Audrey Spiry donne à ressentir dès les premières cases le malaise qui mine souterrainement, "en silence", le couple formé par Juliette, une étudiante de 25 ans en fin d'études, et Luis, 33 ans. Celui-ci, qui travaille dans le cinéma, pèche par un narcissisme exacerbé. En vacances sur une île indéterminée, les voilà s'équipant sur les conseils de Yann, leur guide baba à l'inévitable combi Volkswagen, pour une expédition forcément marquante à laquelle participe également une petite famille de sportifs émérites : Gilles, Erika et leurs petites filles, Margot et Lena.
Sautant, nageant, barbotant, ils vont descendre le cours d'eau en se laissant dériver de cascades en bassins, oscillant d'un rocher à l'autre entre frissons de peur et de plaisir. Mais, ballottée, Juliette l'est plus encore que ses compagnons. Troublée, sous tension, elle s'abandonne très vite à l'élément liquide comme au divan d'un psychanalyste, entamant à la marge du petit groupe une sorte de parcours initiatique. "L'eau est tellement vive que j'ai l'impression qu'elle me parle", lâche-t-elle.
Tantôt attirée vers des grottes sombres à l'eau glacée, ou projetée dans des rapides ; parvenant parfois difficilement à ne pas perdre pied, la jeune femme revit au fil du courant et des défis qu'elle doit relever des souvenirs mitigés avec Luis.
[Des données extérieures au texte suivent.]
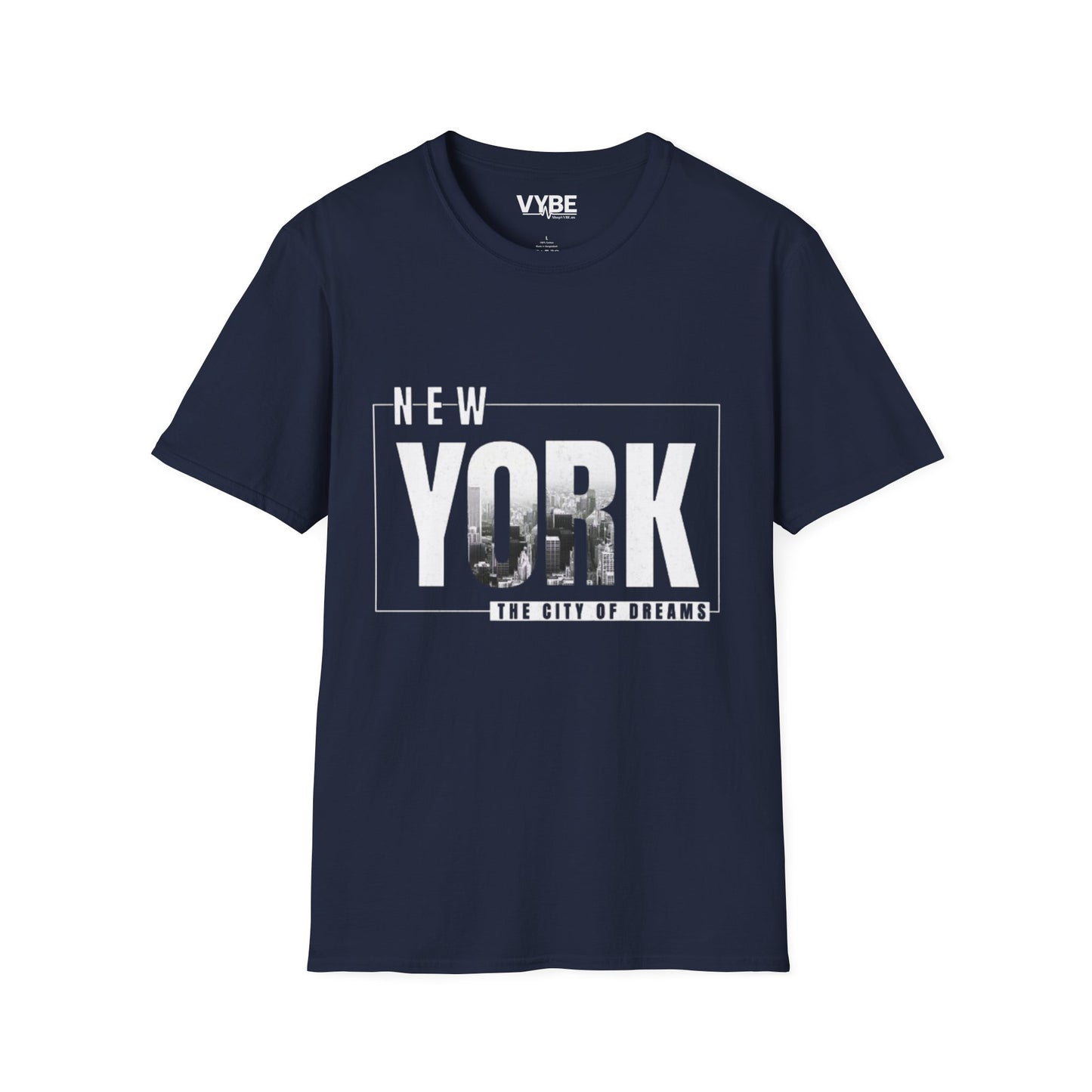 New York City T-Shirt - VYBE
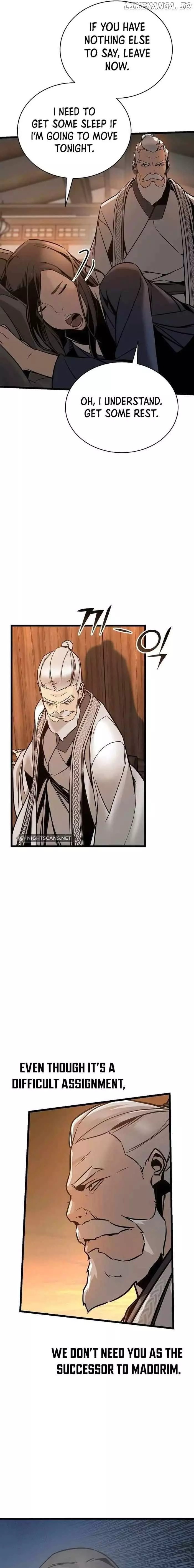 The Suspicious Boy Is One Of The World’s Top Ten Masters - Chapter 3 Page 3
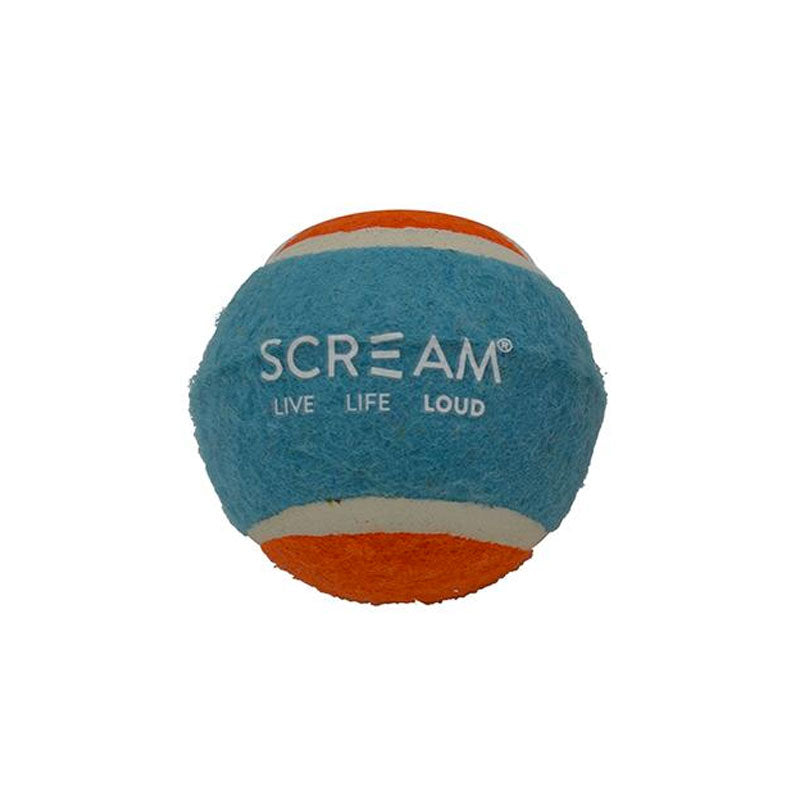 Scream Tennis Ball - Single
Ses émotions sont encore renforcées par la relation qu'elle noue avec l'une des deux fillettes, la très attachante Lena, avec laquelle elle traverse l'une des épreuves de la journée. Confrontée tout à la fois aux manifestations incontrôlées de la nature, à celles plus innocentes de l'enfance, au rôle ambivalent de la famille et aux enjeux du couple, Juliette émerge enfin avec une identité propre, la tête hors de l'eau.